The inert nature of the carbonated rock and the fact that the ICS process needs only familiar plant and equipment suggest a quite rapid path to its commercialisation and, critically, the potential for worldwide deployment, to the extent where serious inroads into carbon dioxide emissions from coal-fired power stations may be expected within a couple of decades.
Significantly, the ultramafic rocks used in the ICS process tend also to host many important base metals including nickel, chromium, platinum-group metals, copper-gold, and iron. The ICS process would convert many of these metals to more readily recoverable forms, eg iron to magnetite, and nickel and copper to ammines in solution.

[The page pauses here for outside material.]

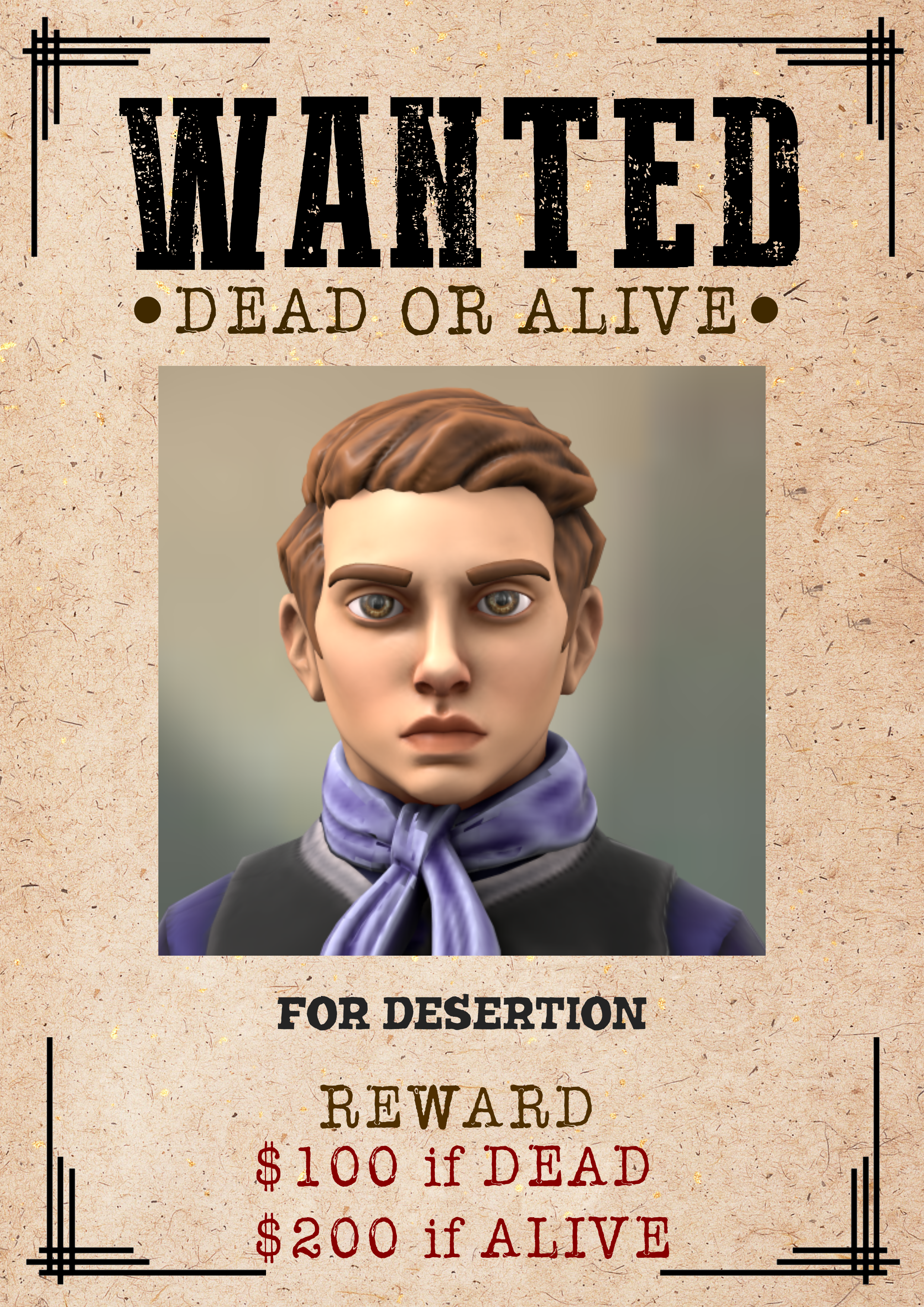 A Wanted poster of Matt, dead or alive. The crime listed is desertation. The reward is $100 if Dead, $200 if Alive. It has a close up of his face. He has hazel eyes, and reddish-brown hair.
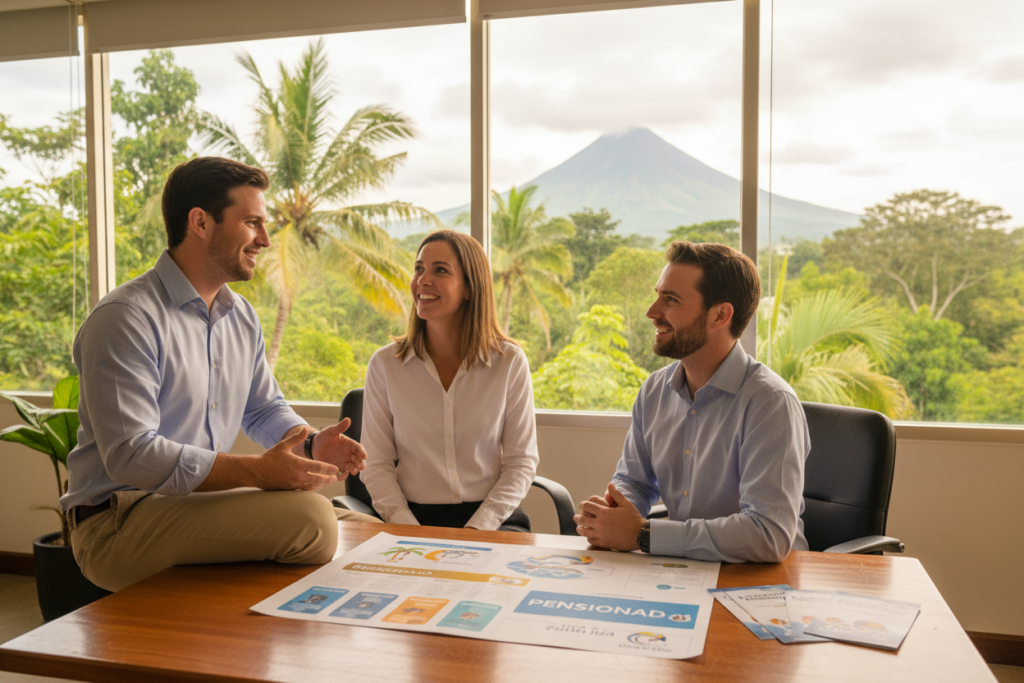 A vibrant office scene showcasing the various categories of Costa Rican residency options, specifically focusing on the Pensionado residency. In the foreground, a diverse group of three Caucasian staff members dressed in professional business casual attire, such as polos and button-down shirts, are engaged in an animated discussion over a colorful chart displaying the different residency types. The middle ground features an elegant wooden desk with brochures labeled "Residencia" and the brand name "Pura Vida Costa Rica" prominently displayed. In the background, large windows flood the room with warm, natural light, revealing lush green Costa Rican landscapes outside. The atmosphere is collaborative and welcoming, reflecting the supportive journey of navigating residency options in Costa Rica, with soft lighting that enhances the inviting mood.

Their heavy metal content leads to a common surface indicator for ultramafic rocks: natural vegetation communities hosted in soils formed on them tend to be impoverished, trees tend to be few and stunted even in high rainfall areas, while grasses and other plants are hardy and slow-growing. Such areas are well described by the term ‘serpentine barrens’. It follows that the recovery of these metals will yield, as a further bonus, more productive soils – as a side effect of emplacement of the carbonated product of the ICS process.
The potential revenue from the recovery of such metals as byproducts could offset partially, and at times fully, the cost of carbon capture and storage. By way of example, a typical serpentinite may contain 10 per cent magnetite and 0.2 per cent nickel-equivalent (including cobalt). Since to capture one tonne of carbon dioxide it takes three tonnes of serpentinite, with reasonable assumptions for recoveries we can assume byproduct production of 250 kg of magnetite and 4 kg of nickel per tonne of carbon dioxide captured, which at US$40/tonne and US$10/kilogram respectively, should yield gross revenues of US$50/tonne of carbon dioxide captured, ie, a sum sufficient to offset fully, the cost of capturing and storing that quantity of CO2. While the additional costs involved in recovering these byproducts in marketable form would need to be included in any particular total project cost structure, these numbers do indicate the significance of likely base-metal credits. They promise to have a major, positive impact on the economics of the first wave of installations of the ICS process, when such revenues would be needed most.